** Data provided follows **
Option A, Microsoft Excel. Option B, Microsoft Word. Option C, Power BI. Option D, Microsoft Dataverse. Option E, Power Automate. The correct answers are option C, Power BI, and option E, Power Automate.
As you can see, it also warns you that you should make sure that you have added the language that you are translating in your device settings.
** End of Data provided **
** Data provided follows **
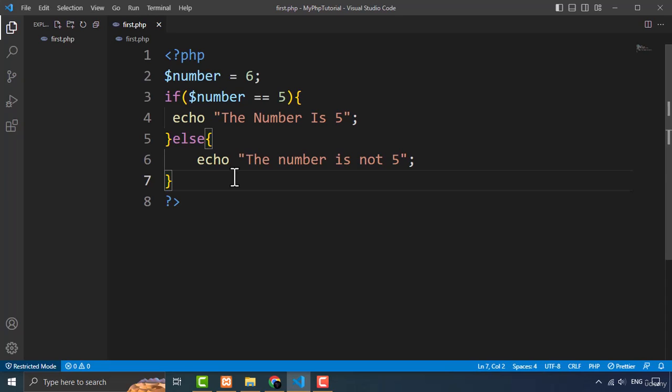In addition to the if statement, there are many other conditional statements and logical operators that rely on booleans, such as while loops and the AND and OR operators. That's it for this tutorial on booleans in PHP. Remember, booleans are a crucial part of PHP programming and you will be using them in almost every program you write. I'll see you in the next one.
** End of Data provided **
** Data provided follows **
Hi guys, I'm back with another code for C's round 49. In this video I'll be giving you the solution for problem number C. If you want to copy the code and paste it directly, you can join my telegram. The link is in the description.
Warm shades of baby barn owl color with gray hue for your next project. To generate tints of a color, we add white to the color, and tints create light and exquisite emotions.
** End of Data provided **
Task | In the listing above, start at the line with "Hi guys, I'm", go on through the line with "Warm shades of", and copy each of those lines exactly; leave out all the rest.

Finished task |
Hi guys, I'm back with another code for C's round 49. In this video I'll be giving you the solution for problem number C. If you want to copy the code and paste it directly, you can join my telegram. The link is in the description.
Warm shades of baby barn owl color with gray hue for your next project. To generate tints of a color, we add white to the color, and tints create light and exquisite emotions.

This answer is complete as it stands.